Part of a Larger Initiative
The communities were participants in Wallace’s Partnerships for Social and Emotional Learning Initiative. It brought together school districts and their OST partners to develop and put in place SEL activities across learning settings.
Focusing on SEL
The school and OST program made SEL a priority by integrating social-emotional instruction and rituals into the daily routine. The two accomplished this by:
- Investing in joint planning, collaboration, and professional development about SEL
- Dedicating time for SEL in each of their respective schedules, activities, and events
- Sharing a social-emotional learning curriculum and rituals
SEL is incorporated every day into every classroom. Be that team-building time or specific SEL blocks of time, we’ve really tried to incorporate it every place that we can put it in.— Sara Ulricksen, program director, Discovery Link, spring 2021
Fostering a Strong Relationship
At the same time, the partners took multiple steps to forge a strong collaboration. That included:
Dedicated office space. In the first year of the partnership (2017–2018), the principal provided the OST program director with a large office. That allowed her to store OST program materials and hold meetings. The move also made the OST program director feel valued by the school.
A dedicated classroom. The classroom provided a space for students during the OST program. It also served as a shared office for both the Discovery Link director and the school’s SEL lead during the school day. The OST program classroom was an important venue for collaboration between school and OST staff. It served as a space for Discovery Link staff to gather and meet with each other before the start of afterschool programming. That led to regular interactions with the school SEL lead, who was often there when OST program staff arrived.

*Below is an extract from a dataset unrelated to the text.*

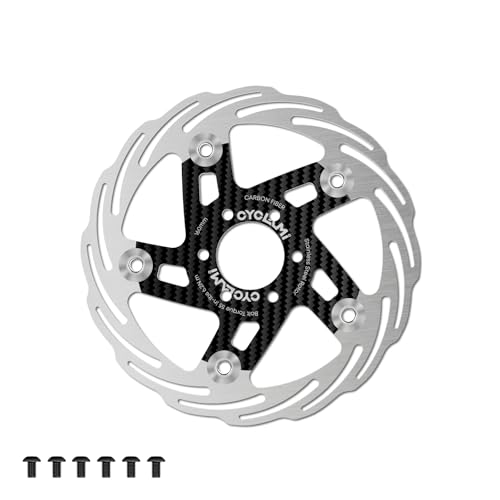 CYCLAMI 160mm Floating Bike Disc Brake Rotor with 6 Bolts Carbon Fiber Bicycle Disc Brakes Rotors for Road Bike/Mountain Bike MTB/Ebike/BMX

A greater role for OST program staff in the school community. Starting in school year 2018–2019, the school hired two Discovery Link instructors as school paraprofessionals. Their new role allowed OST program staff to attend daytime school staff meetings, work with teachers, and become more familiar with classroom expectations and routines. The school also began involving OST program staff in its parent engagement efforts.
By jointly prioritizing social and emotional learning, the partners were able to accomplish such results as:
- Explicit SEL instruction became more frequent.

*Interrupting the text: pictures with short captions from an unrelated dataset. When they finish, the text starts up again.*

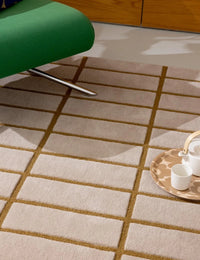 Check Bronze Yellow Geometric Hand-Tufted Wool Rug - Image 3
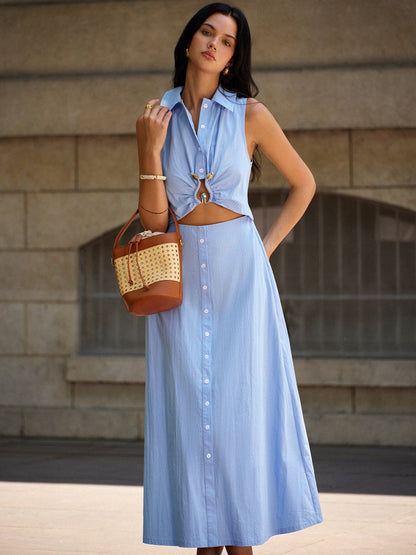Metal Decor Cutout Dress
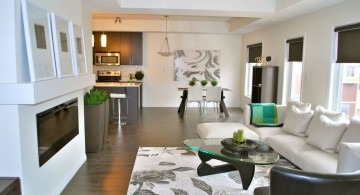 long living room with flower patterned rug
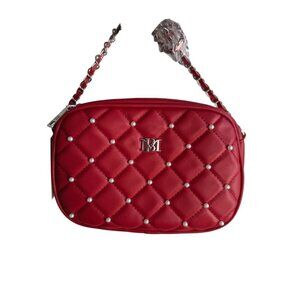 NWT Badgley Mischka Diamond Quilted Red Camera Bag With Pearls Vegan‎ Leather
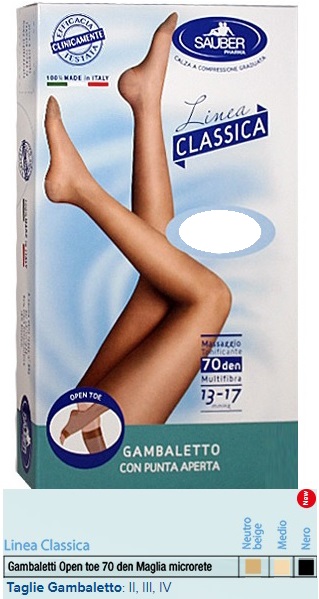 SAUBER GAMBALETTO OPEN TOE MAGLIA MICRORETE 70 DEN COLORE MEDIO TAGLIA 2 LINEA CLASSICA - Farmapre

- Staff members from both the school and OST program became part of the decision-making about SEL implementation.
- School and OST program staff members developed common goals and terminology about SEL.
- A Denver elementary school and its co-located out-of-school-time (OST) partner collaborated to make social and emotional learning (SEL) a priority.
- The partners embedded SEL in practices and rituals throughout the day.
- They fostered a strong, equal relationship through such steps as providing a dedicated space for OST activities and integrating OST staff in the school community.
- There was an increase in SEL instruction and collaborative decision making.
Materials & Downloads
What We Don't Know
The collaboration took place in a large urban district primarily serving students from historically disadvantaged populations. For that reason, lessons learned may not apply to all elementary schools.
Researchers surveyed Discovery Link instructors each year. But, because the number of respondents was less than ten, they were unable to report on survey data from only Discovery Link respondents.